### INFORMATION
============

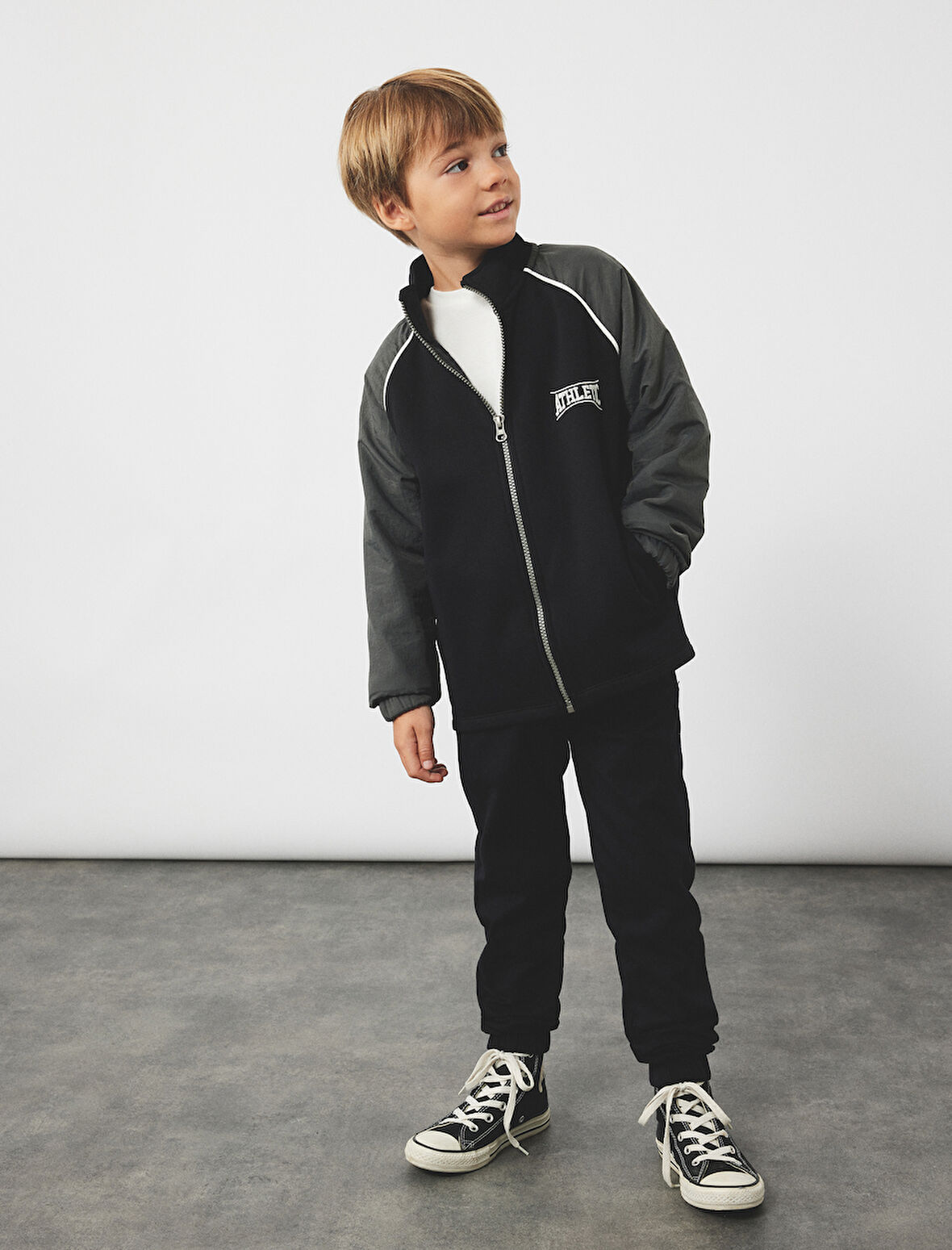 Dik Yaka Uzun Kollu Şardonlu Fermuarlı Sweatshirt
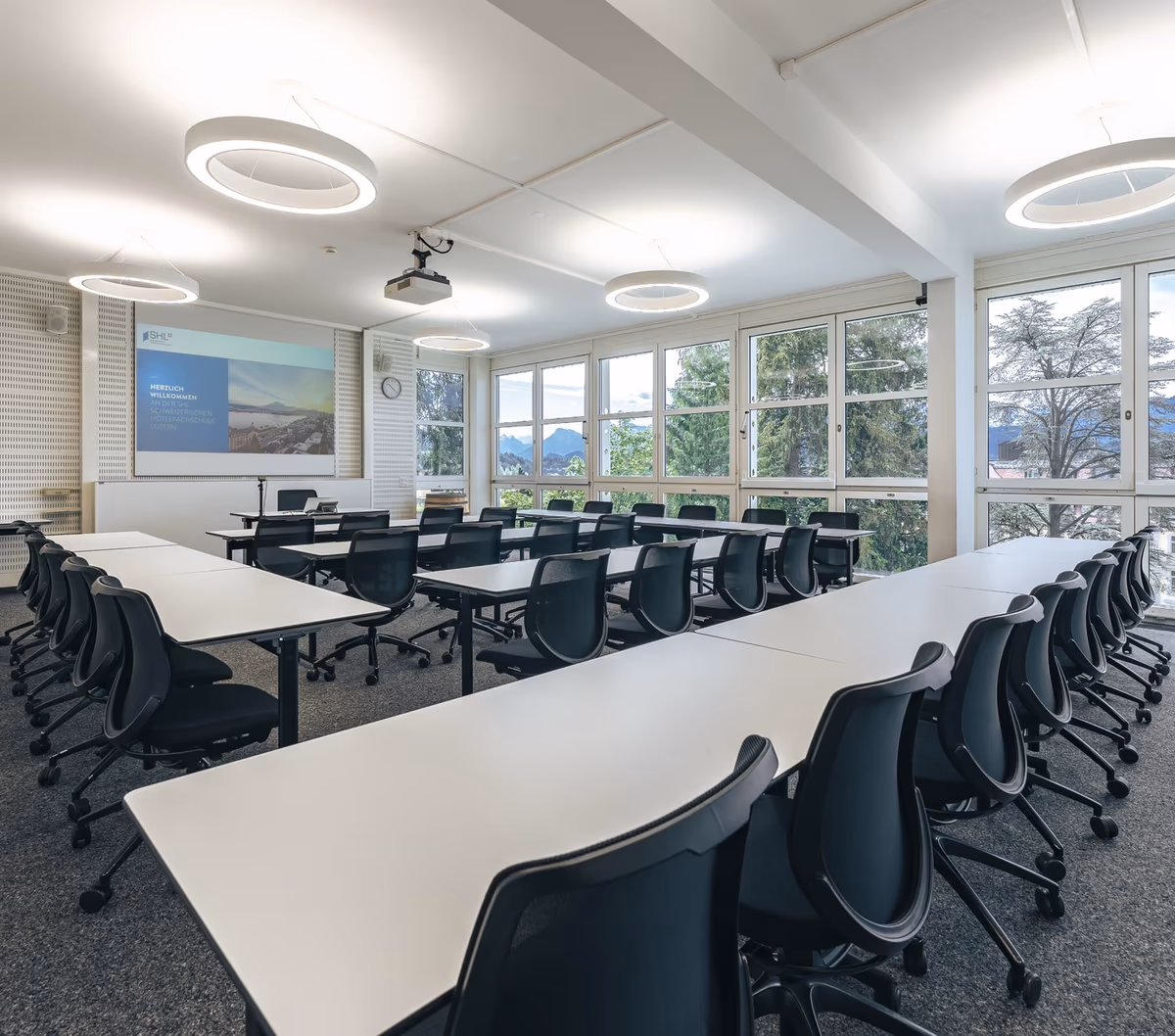 SHL Schweizerische Hotelfachschule Luzern 7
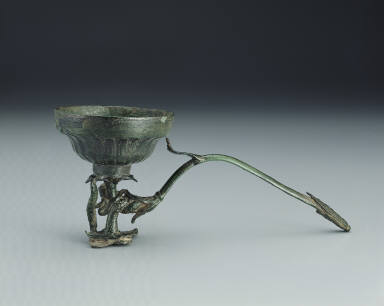 Bronze floral shaped censer with handle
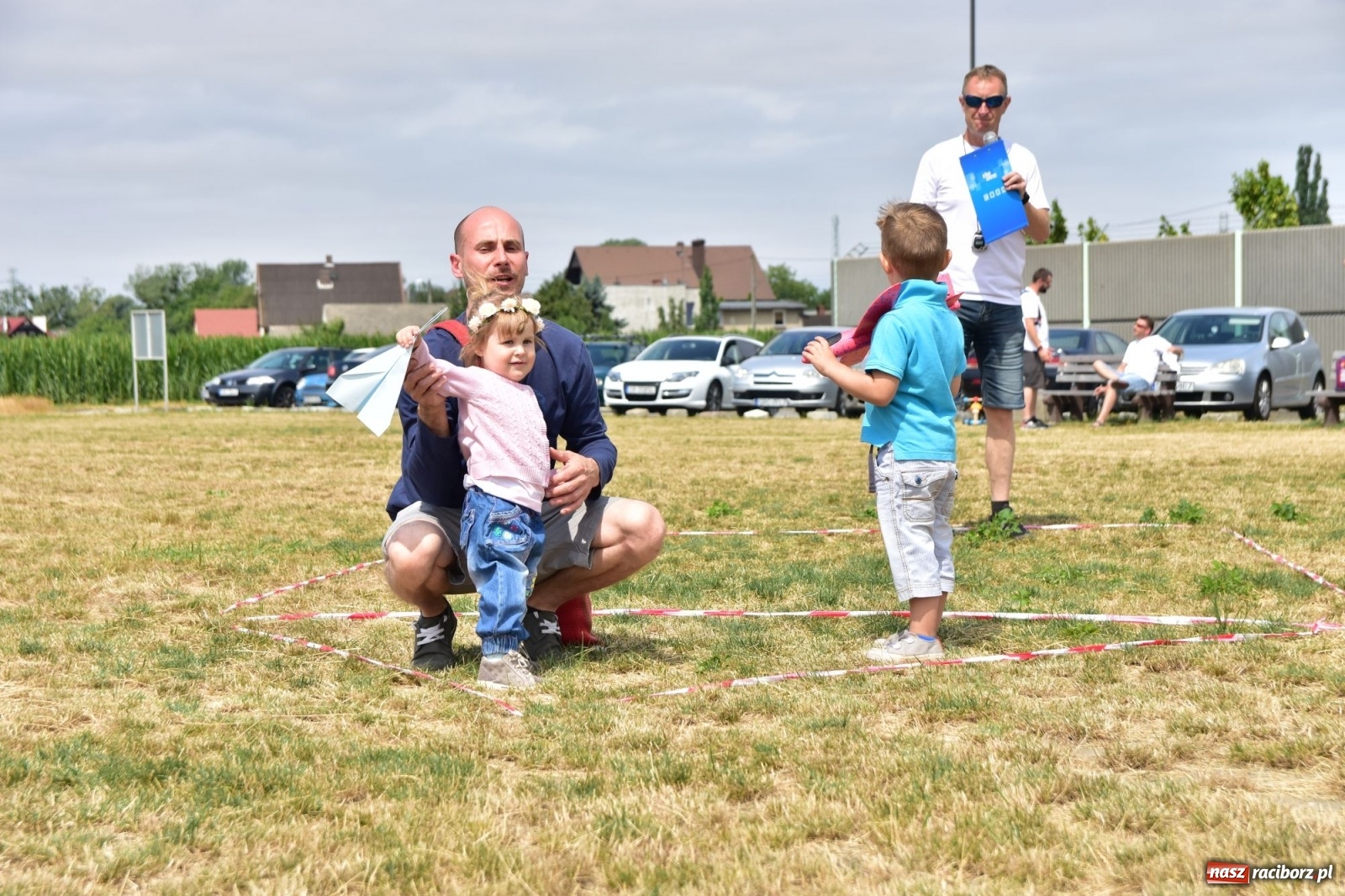 Zdjęcie w galerii na portalu naszraciborz.pl: Papierowe samoloty wzbiły się do nieba [FOTO] wiadomości z regionu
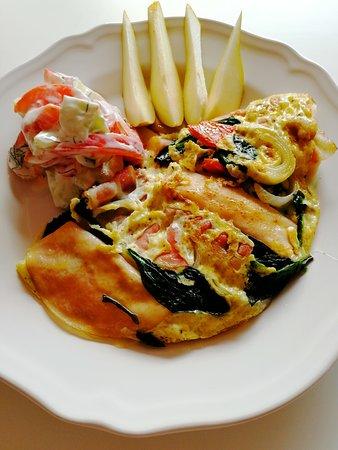 Alenka Home Food & Bakery Restaurant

============

### EXERCISE GOAL
Restate word for word the lines starting at the one that contains "Bronze floral shaped censer with handle" and ending at the last line of the data. Skip every picture.

### TASK SOLUTION
 Bronze floral shaped censer with handle
 Zdjęcie w galerii na portalu naszraciborz.pl: Papierowe samoloty wzbiły się do nieba [FOTO] wiadomości z regionu
 Alenka Home Food & Bakery Restaurant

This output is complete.